Microwave selain digunakan untuk proses pretreatment, juga dapat digunakan dalam proses hidrolisis selulosa dan hemiselulosa. Selulosa dan hemiselulosa dihidrolisis dengan asam dan dipanaskan menggunakan metode microwave. Dibandingkan dengan pemanasan biasa (refluks), konversi selulosa/pati menggunakan microwave berlangsung dalam waktu singkat, laju reaksi hidrolisis pati menjadi glukosa meningkat 50–1000 kali. (Kolo et al, 2022) menyatakan bahwa penggunaan pelarut dengan konsentrasi yang rendah saat reaksi pada microwave lebih efektif karena waktu produksi lebih cepat, lebih ramah lingkungan serta menghemat biaya. Terdapat banyak hasil penelitian yang menggunakan microwave pada proses hidrolisis karbohidrat dan memperoleh kadar gula pereduksi yang tinggi antara lain pada rumput gajah sebesar 26,63 g/L (Kolo et al., 2020), Euchema denticulatum sebesar 51,47 g/L (Teh et al., 2017), Chorella vulgaris sebesar 98,11 g/L (Yu et al., 2020).

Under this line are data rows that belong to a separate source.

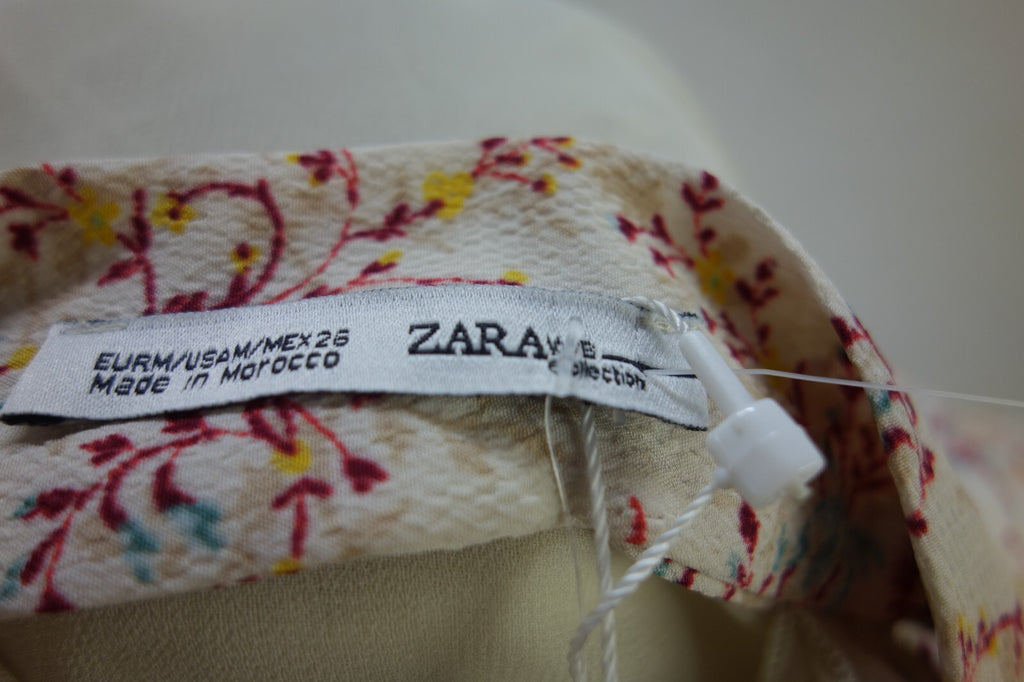 EK0774 Damen Bluse von Zara, beige-rot, Gr. M5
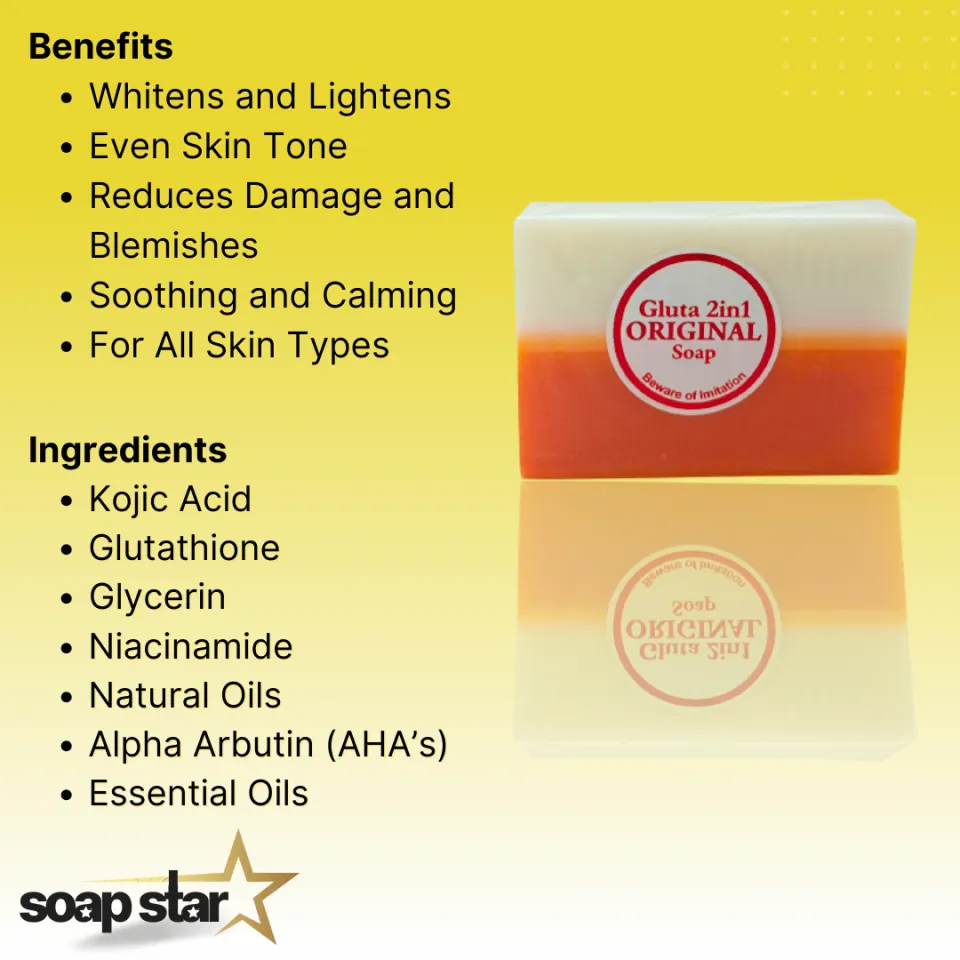 Kojic Gluta Soap Whitening Original 2in1 Bar Soap 90g By Mayfair Lighten  Skin Anti Aging Smooth Soft Glowing Skin Cleansing Gluta Kojic Variant Soap  Mesh Loofah Gloves Sponge SoapStar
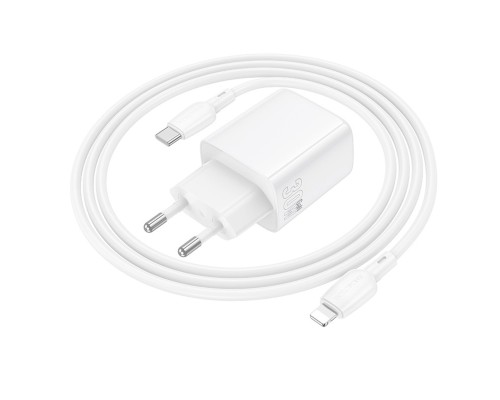 Мережевий зарядний пристрій з кабелем BOROFONE BN28 Fuente single port PD30W charger set (C to iP) (EU) White (6941991120305) Мережевий зарядний пристрій з кабелем BOROFONE BN28 Fuente single port PD30W charger set (C to iP) (EU) White (6941991120305)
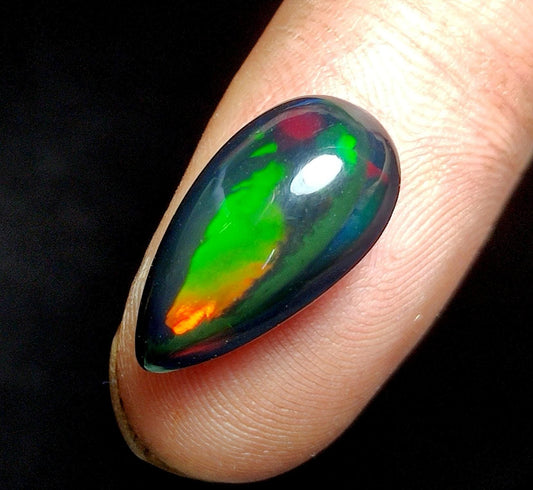 AAA++ Natural Black Opal, Ethiopian Opal Welo Black Opal, Pear Cabochon Loose Gemstone, 5.80 Ct, Size-18.5x10x7.5mm, For Jewelry Making,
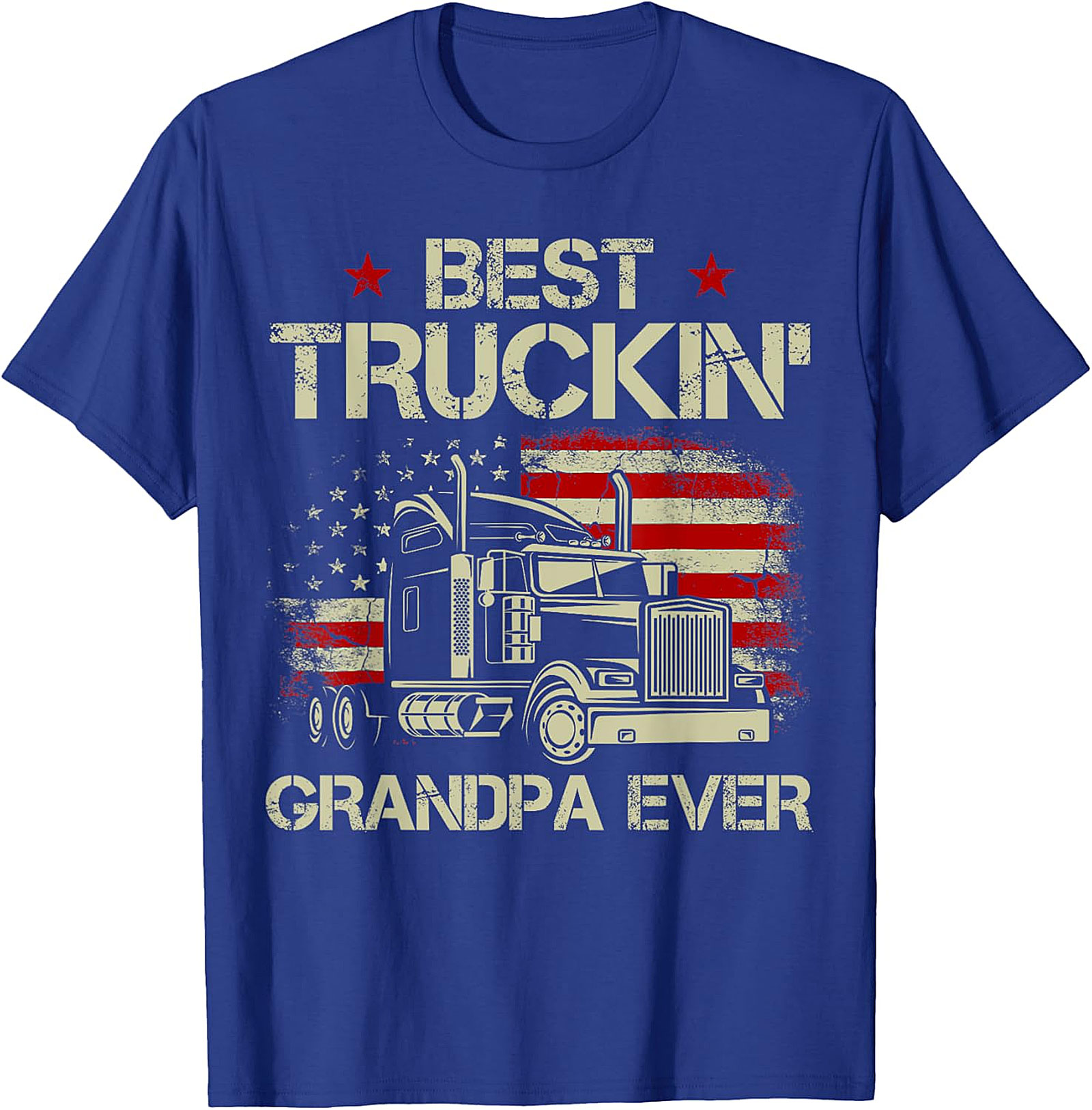  Best Truckin' Grandpa T-shirt | Patriotic Trucker Gift Tee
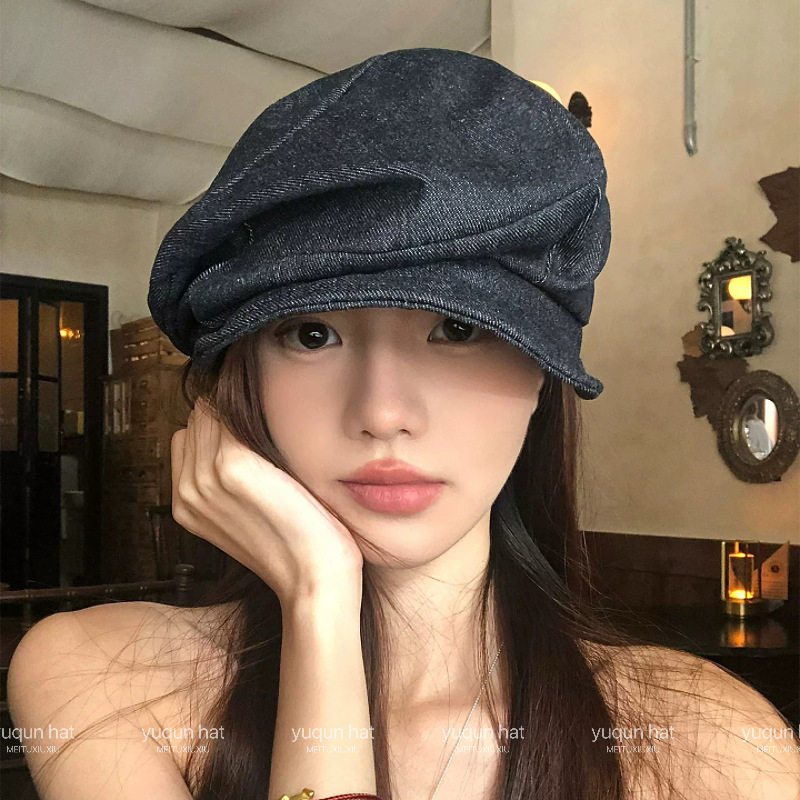 日系小众复古牛仔贝雷帽女2025新款大头围显脸小八角帽画家帽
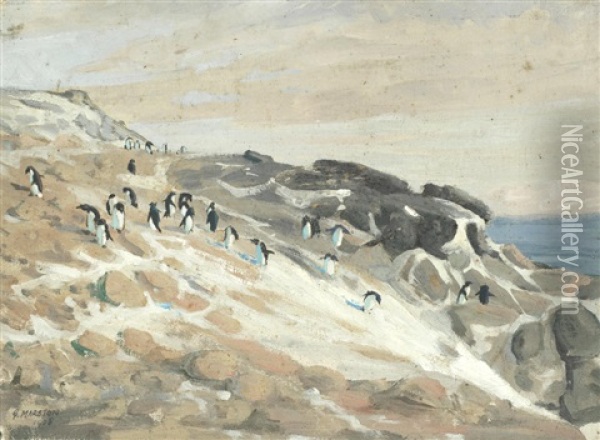 Antarctic Penguins Oil Painting - George E. Marston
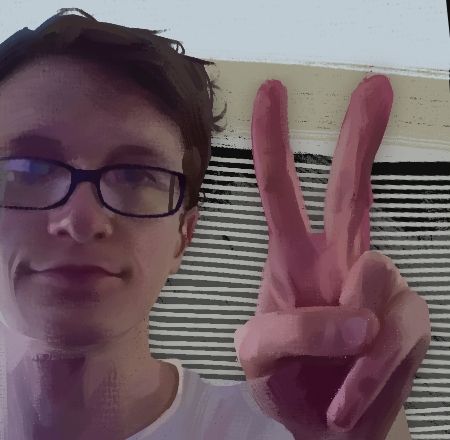 A painting of Scott Wozniak making a peace sign at the camera with one hand. He is staring blankly at the camera. Only half of his body is visible. 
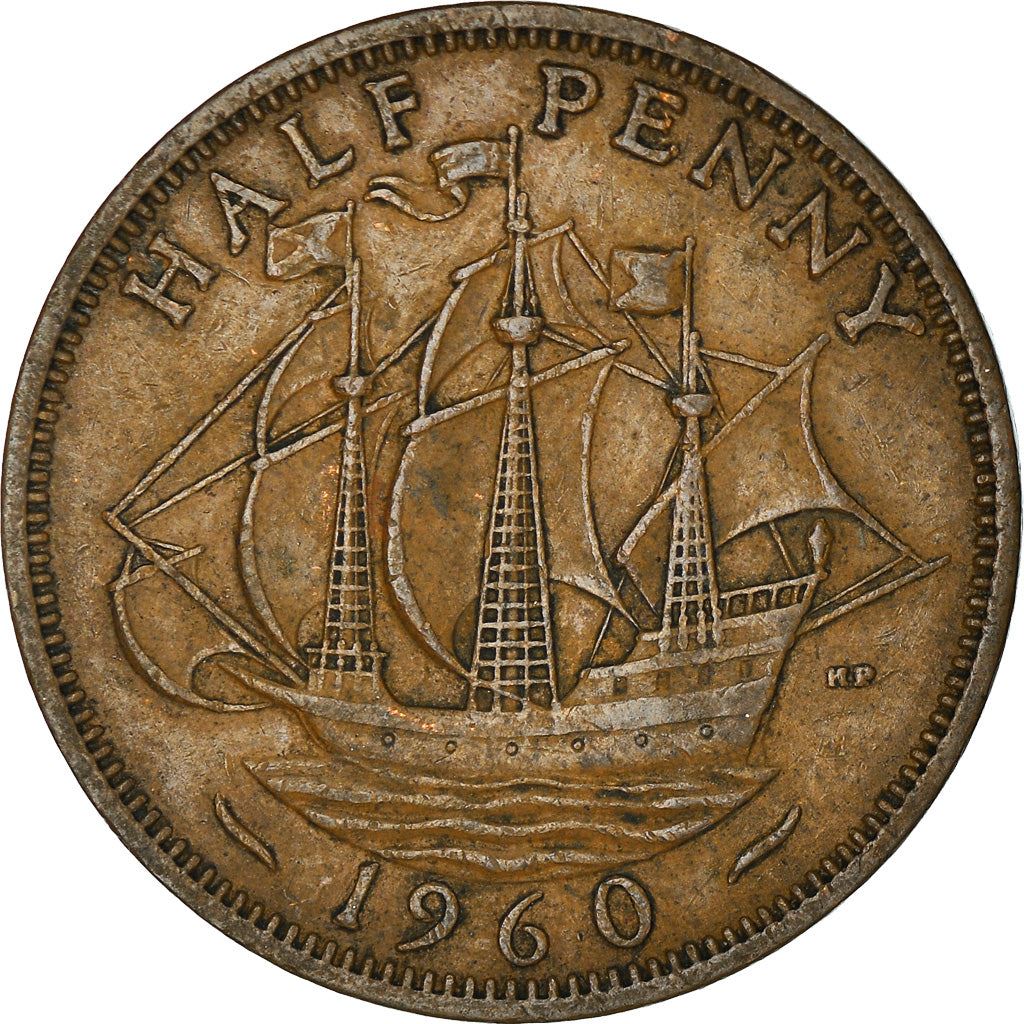 United Kingdom | 1/2 Penny Coin | Three-masted ship | KM:896 | 1954 - 1970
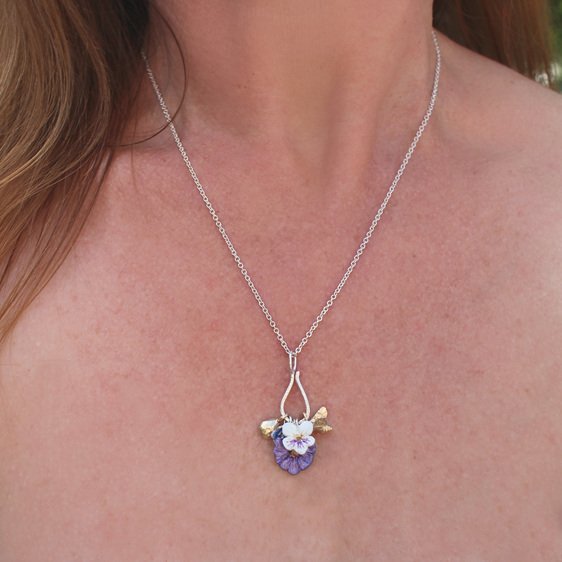 charm holder nz jeweller flowers gold bee leaf  sterling silver necklace pendant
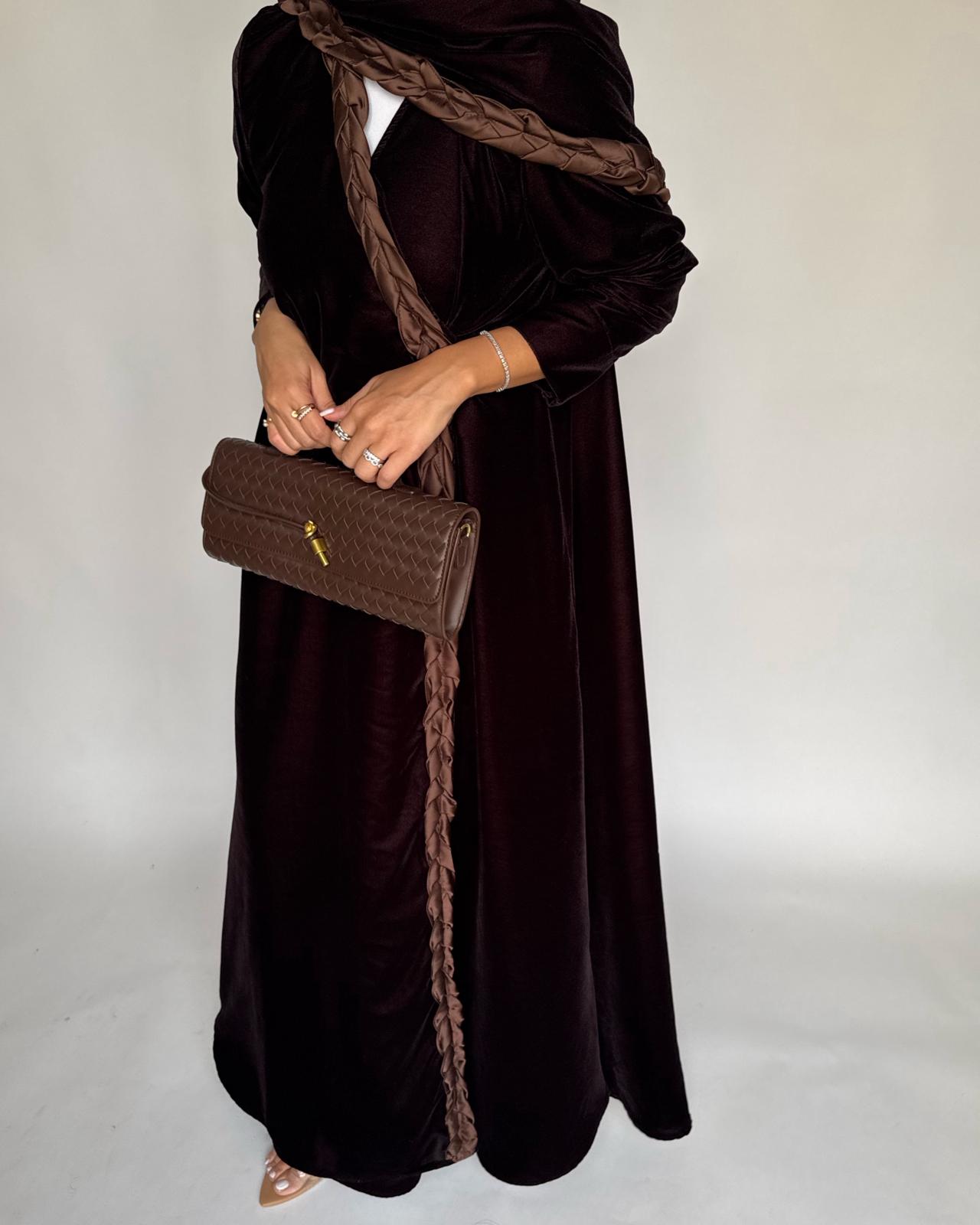 A477 - Brown Braided Velvet Abaya with Matching Velvet Head Scarf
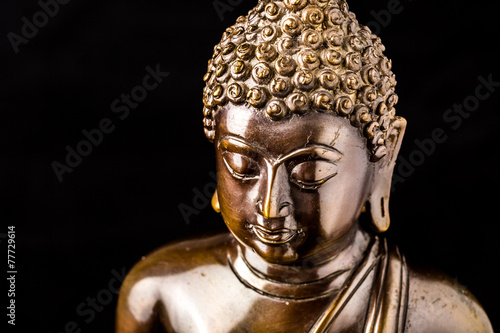 face of buddha statue isolated
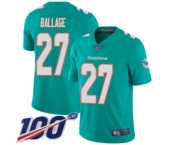 Youth Miami Dolphins #27 Kalen Ballage Aqua Green Team Color Vapor Untouchable Limited Player 100th Season Football Jersey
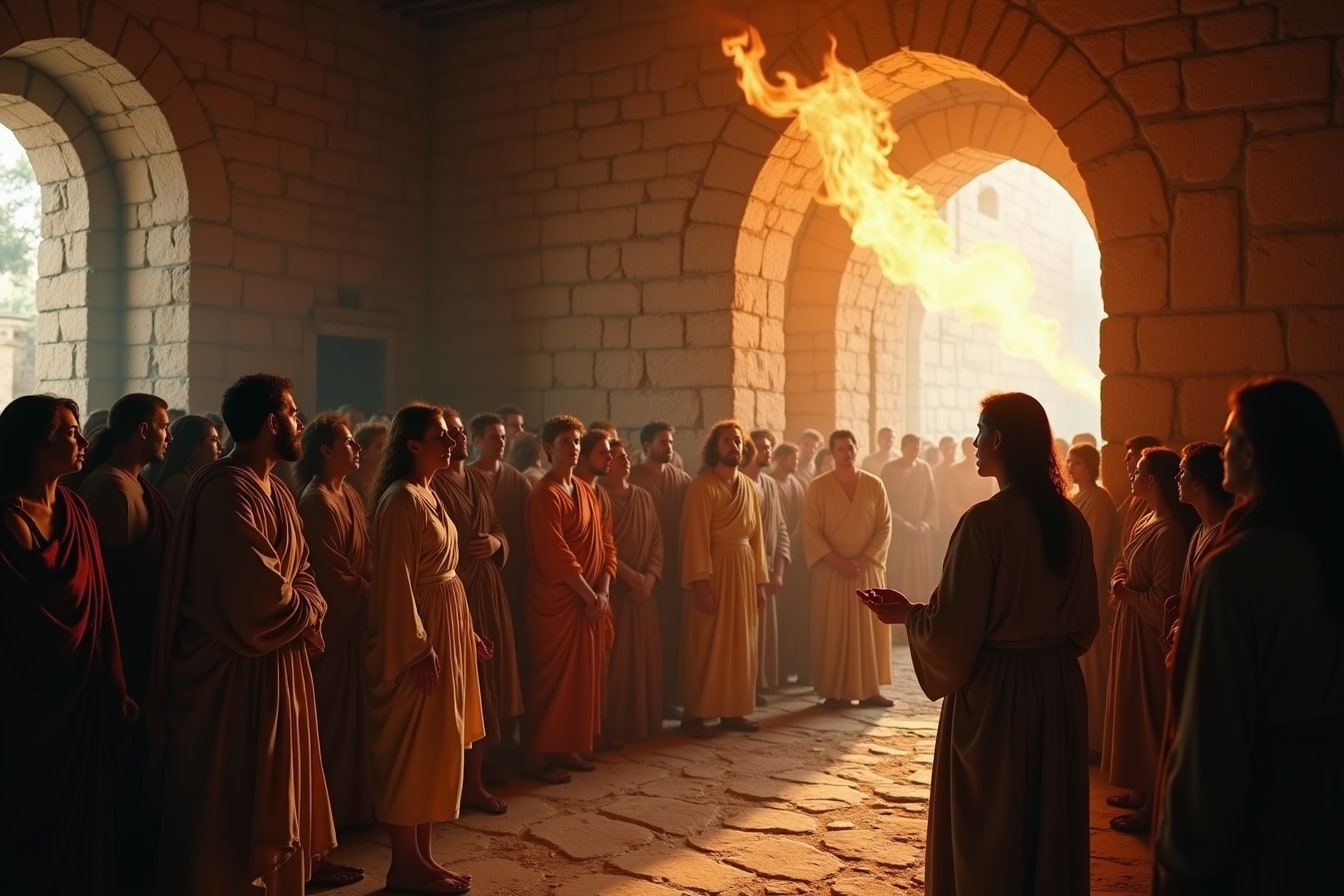 A group of believers in an ancient upper room reacting with awe as flames appear above their heads, while a crowd gathers at the doorway.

Penelitian mengenai produksi bioetanol dari Ulva reticulata pertama kali dilakukan oleh (Kolo et al, 2021) menghasilkan kadar bioetanol 5,02% melalui proses delignifikasi dan hidrolisis menggunakan pelarut H2SO4. Oleh karena itu, perlu dilakukan penelitian lanjutan tentang produksi bioetanol dari Ulva reticulata tanpa perlakuan delignifikasi. Makroalga ini
dikonversi menjadi bioetanol melalui tahap pretreatment, hidrolisis menggunakan asam sulfat encer dan dilanjutkan dengan tahap fementasi menggunakan Saccaromyces cerevisiae dan distilasi.
MATERI DAN METODE
Bahan
Bahan dalam penelitian ini adalah: Makroalga Ulva reticulata yang berasal dari pulau Timor, aquades, H2SO4, NaOH, kultur murni saccharomyces cerevisiae yang diambil dari Universitas Gadjah Mada Yogyakarta, kertas saring, aluminium foil, plastik wrapping, kertas label, tisu, kapas, glukosa, alkohol, media PDA, media inokulum (Glukosa 10 g/l, Yeast extract 0,1 g/l, KH2PO40,1 g/l, MgSO4.7H2O 0,1 g/l, dan (NH4)2 SO4 0,1 g/l), media fermentasi.
Alat
Alat – alat yang digunakan dalam penelitian adalah: Pipet tetes, spatula, labu erlenmeyer, gelas kimia, gelas ukur, cawan petri, tabung reaksi, timbangan neraca analitik, hot plate, pipet volum, microwave, Autoklaf, corong, batang pengaduk, kaca arloji, rangkaian alat destilasi, termometer, inkubator, ayakan ukuran 35 mesh, blender, dan alat analisis UV – VIS (DNS), SEM, dan GC-FID.
Cara Kerja
Preparasi Sampel
Makroalga Ulva reticulata yang diambil dari pantai pasir panjang Kupang dicuci hingga bersih, dikeringkan selama 3 hari, dipotong berukuran kecil, kemudian dihaluskan dengan blender lalu diayak menggunakan ayakan ukuran 18 mesh.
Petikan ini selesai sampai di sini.